“Integrity is the ability to stand by an idea” proclaims Kent Lansing in Ayn Rand’s Fountainhead, a book that helped make its author a darling of the right. Taken as true, the adage places Chancellor George Osborne as a model of integrity. His unwavering commitment to austerity has been a defining element of this Government.

Far from proscribing to Randian individualism or modern Austerity politics, Mark Blyth’s recent book,Austerity: the History of a Dangerous Idea is a lucid dismissal of the idea governing many of the world’s largest economies. A book as clever as it is accessible, it deftly takes its reader through the history of austerity politics via Locke, Hume, Smith, the collapse of the US housing market and the sovereign debt crisis in Europe. It paints a bleak picture, where a crisis started in the private sector has been transmuted to the public sector, and a fundamental misunderstanding of causation has led to poor public policy decision-making. Blyth argues, with wonderful dexterity, that austerity and its proponents are disingenuous, misguided and, ultimately, dangerous.

However, this blog seeks not to judge the merits of Blyth’s book, but rather to investigate the messages it carries for Britain’s political class. And, it seems to me, regardless of whether you subscribe to Hayekian or Keynesian economic theory, this book tells an important story.

Firstly, it highlights the cyclical nature of trends in economic and political theory. Much like the peaks and troughs in economies, austerity and state interventionism come in and out of fashion. There was widespread flirtation in 2009 between European leaders and Keynesianism. In 2010, German-led austerity politics came to dominate, and continues to do so. This carries a warning for both Chancellor George Osborne and his foe across the dispatch box, Ed Balls. Inflexibility can pit you against the prevailing winds. Placing dogmatism (or Randian integrity) over pragmatism can cause political harm.

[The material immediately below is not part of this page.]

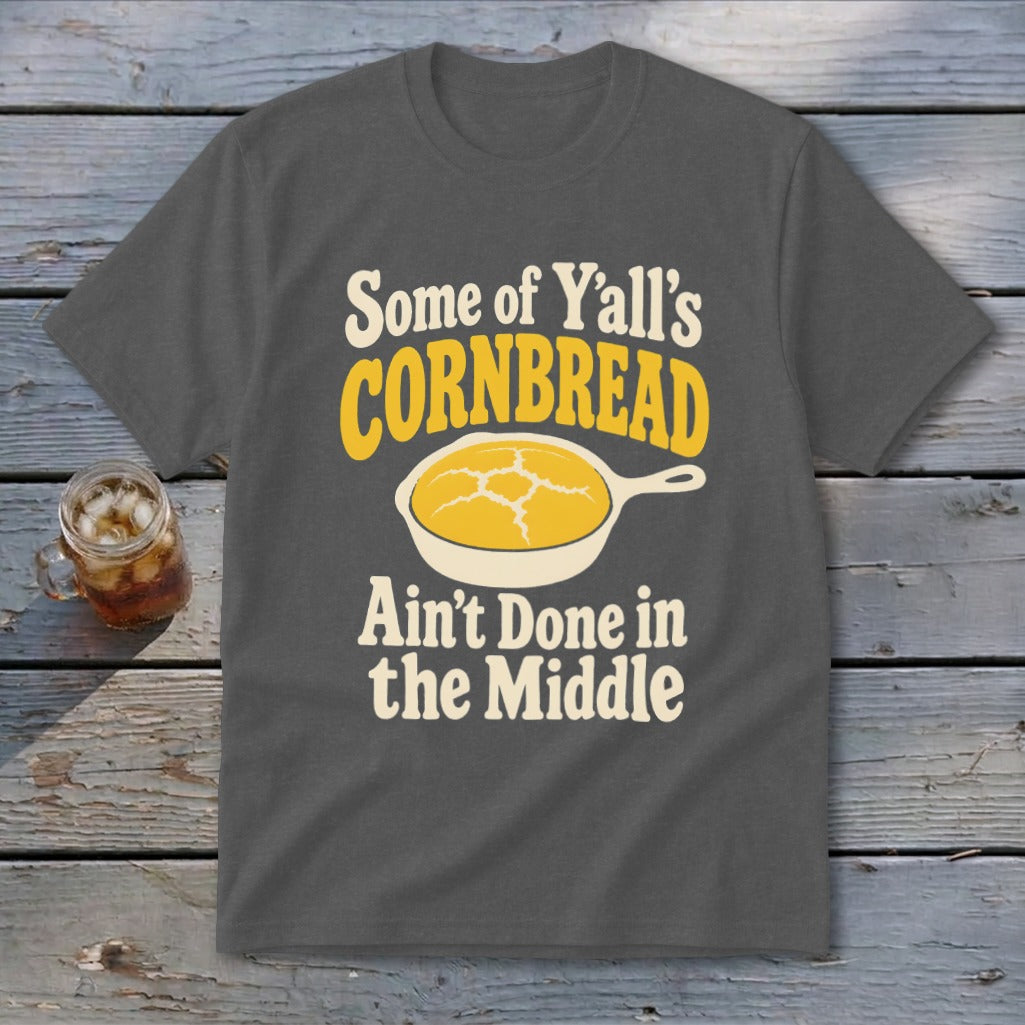 Dark gray t-shirt with cream and yellow text reading Some of Y'all's Cornbread Ain't Done in the Middle above a skillet of cornbread.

Secondly, the book highlights, as all accounts of the current economic crisis do, the complexity and maturity of interdependencies within the world’s economies. It’s striking for the layman to see, in such vivid colours, how something as niche as US mortgage-backed securities and collateralised debt obligations in the repurchase market can ultimately impact Greek sovereign debt. British policymakers are already broadly aware of these interdependencies, and how vital they are to ensuring the sustainability of the financial services sector.

Finally, Blyth’s book makes clear the risks inherent in a ‘one-size fits all’ approach to restructuring European economies. Thrusting German liberalism onto all European states could be as self-defeating as it is harmful. Germany’s success is, for Blyth, unique to Germany. It is a result of the time in which German economic reconstruction took place, and Germany’s favourable monetary conditions in post-war Europe. It would therefore be dangerous to assume replicating Germany in Ireland or Spain will equate to economic recovery. Indeed it misses the point that one man’s debt is another man’s income, and collective austerity could stifle the investment it intends to create. For Britain, fostering nuance in European policymaking could encourage growth, ultimately contributing to economic recovery on both the national and international level.

Whether austerity politics will pay off for the Conservative Party and George Osborne remains to be seen. However, whoever prevails, Keynes or Hayek, Blyth or Rand, British politicians would do well to listen to both sides of the argument.